2024-03-07 07:04:46; Aktualizacja: 8 miesięcy temu
Liga Mistrzów: Gorąco po faulu Viníciusa Júniora. „Brak szacunku. Sędziowie nie mają odwagi” [WIDEO] Fot. Polsat Sport
Patryk Krenz
Patryk Krenz Źródło: Polsat Sport

Real Madryt pokonał po zaciętym boju RB Lipsk w 1/8 finału Ligi Mistrzów. Po spotkaniu sporo mówi się o zachowaniu Viníciusa Júniora, który uderzył Williego Orbána. Defensor niemieckiego zespołu nie krył swojego oburzenia.

Real Madryt napotkał duży opór w rewanżowym starciu 1/8 finału Ligi Mistrzów. Ospały gigant musiał wielokrotnie ratować się przed utratą gola, co w większości sytuacji się udało.

Przyjezdni z Saksonii napierali, tworząc sobie w sumie ponad 20 sytuacji bramkowych. Kilka dogodnych zmarnował Loïs Openda, który po końcowym gwizdku mógł poczuć ogromny niedosyt.

Ostatecznie na Estadio Santiago Bernabeu padł jednobramkowy remis. Strzelanie tego wieczoru rozpoczął Vinícius Júnior, a kilka minut wcześniej zakończył Willi Orbán. Tę dwójkę łączy jeszcze jedno wydarzenie.

W 54. minucie Brazylijczyk ostro potraktował reprezentanta Węgier, powalając go z impetem przy próbie pressingu.

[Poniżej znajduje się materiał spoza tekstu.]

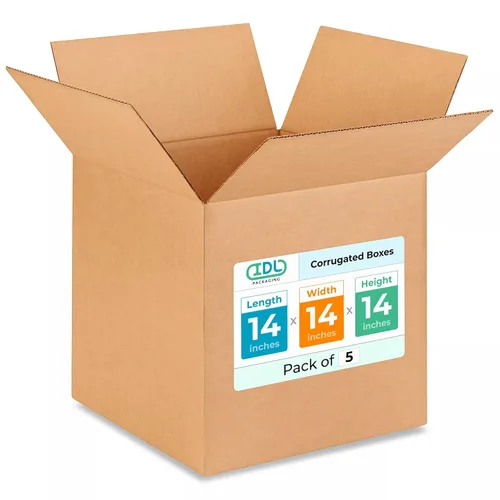Miniatura 215 de IDL Packaging Paquete de 5 cajas de envío altas de 8 x 8 x 48 pulgadas, extra resistentes de 200 libras frente a caja regular, cajas de mudanza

Następnie doszło do krótkiej pogadanki, którą gwiazdor „Królewskich” skończył odepchnięciem rękami w okolicach szyi.

Główny sędzia spotkania ukarał Viníciusa żółtą kartką, co zostało źle odebrane w obozie Red Bulla. Protestowali wszyscy, nawet trener Marco Rose. Nie brakuje opinii, że za takie zagranie w górę powinna wzlecieć czerwona kartka.

Po meczu frustracji całym zdarzeniem nie potrafił ukryć Willi Orbán.

- Sędziowie nie mają odwagi, by odsyłać takich zawodników. On złapał moją szyję obiema rękami. To brak szacunku - powiedział wyraźnie wzburzony kapitan „Czerwonych Byków”.

Vinícius nie pozwala o sobie zapomnieć. Wokół 23-latka znowu jest gorąco.